How can I create a virtual environment to install Popper

The following creates a virtual environment in a $HOME/venvs/popper folder:

# create virtualenv
virtualenv $HOME/venvs/popper

# activate it
source $HOME/venvs/popper/bin/activate

# install Popper in it
pip install popper

The first step is is only done once. After closing your shell, or opening another tab of your terminal emulator, you’ll have to reload the environment (activate it line above). For more on virtual environments, see here.

How can we deal with large datasets? For example I have to work on large data of hundreds GB, how would this be integrated into Popper?

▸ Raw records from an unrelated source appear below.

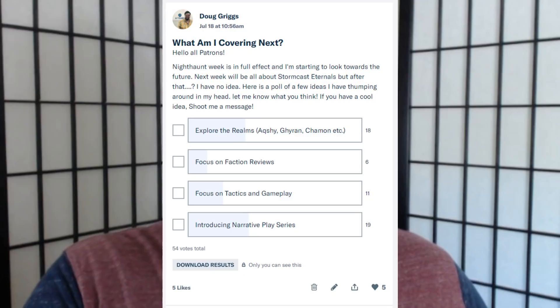The patrons over on Patreon voted to do a series talking about narrative play — how do you build a narrative-themed army, how do you build lore around them, and ultimately how do you engage in narrative gaming in a meaningful way? If you want a chance to vote on what kind of content comes out, please consider becoming one of my patrons over on Patreon. For as little as a dollar a month, it does so much to support me as a content producer, as well as giving you access to voting polls, discussions about gaming and hobby progress, and things like that. Please go check it out in the show notes down below.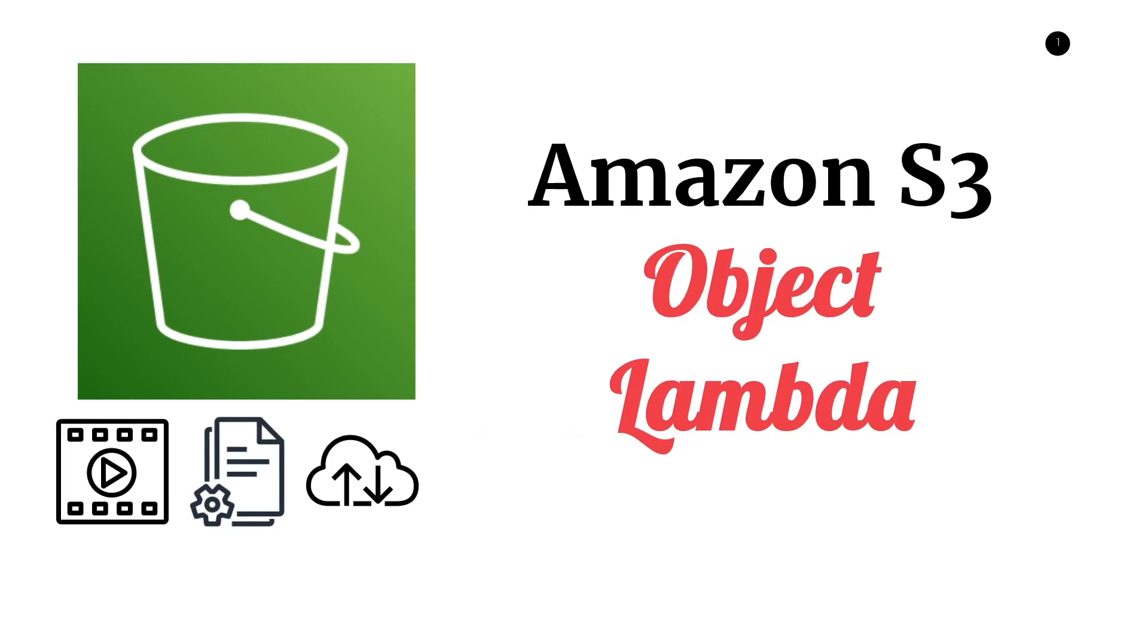Hello everyone, in this video we're going to be talking about Amazon S3 Object Lambda. I'm going to describe what problem this new feature solves through an example and then walk you through the details of how it works.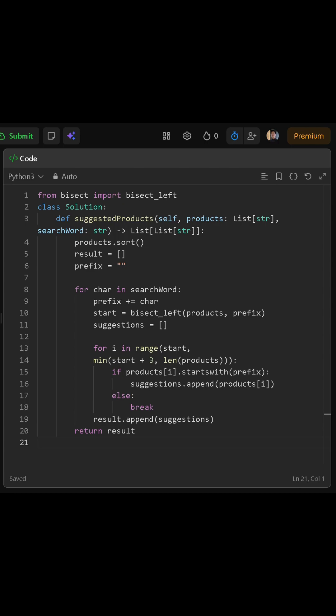For each prefix, we use binary search. In Python, there's a function called bisect_left that gives us the leftmost position in the sorted list where this prefix could be inserted. That position is exactly where the first match could appear.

For datasets that are large enough that they cannot be managed by Git, solutions such as a PFS, GitLFS, Datapackages, ckan, among others exist. These tools and services allow users to manage large datasets and version-control them. From the point of view of Popper, this is just another tool that will get invoked as part of the execution of a pipeline. As part of our documentation, we have examples on how to use datapackages, and another on how to use data.world.

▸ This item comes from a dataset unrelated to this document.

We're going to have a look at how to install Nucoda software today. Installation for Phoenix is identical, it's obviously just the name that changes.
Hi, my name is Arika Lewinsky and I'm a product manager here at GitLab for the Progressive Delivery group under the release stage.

How can Popper capture more complex workflows? For example, automatically restarting failed tasks?

A Popper pipeline is a simple sequence of “containerized bash scripts”. Popper is not a replacement for scientific workflow engines, instead, its goal is to capture the highest-most workflow: the human interaction with a terminal.

Can I follow Popper in computational science research, as opposed to computer science?

Yes, the goal for Popper is to make it a domain-agnostic experimentation protocol. See the https://github.com/popperized/popper-examples repository for examples.

How to apply the Popper protocol for applications that take large quantities of computer time?

The popper run takes an optional action argument that can be used to execute a workflow up to a certain step. See here.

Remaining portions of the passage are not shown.